§ **Work task**:
Look below and pull out each line with the word "Drive".

(Web page caption snippets)













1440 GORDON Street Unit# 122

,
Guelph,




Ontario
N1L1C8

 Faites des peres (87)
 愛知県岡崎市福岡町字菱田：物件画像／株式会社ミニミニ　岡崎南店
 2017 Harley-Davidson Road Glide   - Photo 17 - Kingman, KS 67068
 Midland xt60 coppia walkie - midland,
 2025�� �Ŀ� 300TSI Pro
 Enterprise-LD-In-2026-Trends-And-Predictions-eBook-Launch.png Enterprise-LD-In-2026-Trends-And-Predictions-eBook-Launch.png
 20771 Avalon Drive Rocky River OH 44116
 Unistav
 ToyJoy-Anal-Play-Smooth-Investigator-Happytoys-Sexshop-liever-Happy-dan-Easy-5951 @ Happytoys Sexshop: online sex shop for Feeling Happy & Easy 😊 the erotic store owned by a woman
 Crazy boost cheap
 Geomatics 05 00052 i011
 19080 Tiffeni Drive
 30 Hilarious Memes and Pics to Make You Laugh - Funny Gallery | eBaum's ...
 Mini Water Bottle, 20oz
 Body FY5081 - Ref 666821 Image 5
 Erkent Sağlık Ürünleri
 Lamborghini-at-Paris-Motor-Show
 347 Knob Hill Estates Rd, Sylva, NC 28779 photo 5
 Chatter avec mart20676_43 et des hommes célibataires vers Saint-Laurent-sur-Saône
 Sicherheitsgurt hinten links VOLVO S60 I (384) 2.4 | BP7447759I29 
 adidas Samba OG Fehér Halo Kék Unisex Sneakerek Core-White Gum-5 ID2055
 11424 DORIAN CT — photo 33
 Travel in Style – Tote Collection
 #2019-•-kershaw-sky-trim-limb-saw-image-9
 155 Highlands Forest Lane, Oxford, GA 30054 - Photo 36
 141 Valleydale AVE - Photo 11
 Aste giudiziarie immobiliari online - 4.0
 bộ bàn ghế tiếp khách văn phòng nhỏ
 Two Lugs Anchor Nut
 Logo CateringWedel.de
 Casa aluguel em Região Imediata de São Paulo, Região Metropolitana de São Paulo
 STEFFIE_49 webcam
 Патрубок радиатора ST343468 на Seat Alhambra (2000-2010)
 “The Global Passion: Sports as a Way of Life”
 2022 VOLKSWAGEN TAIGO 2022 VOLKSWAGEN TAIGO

§ **Answer to this problem**:
 20771 Avalon Drive Rocky River OH 44116
 19080 Tiffeni Drive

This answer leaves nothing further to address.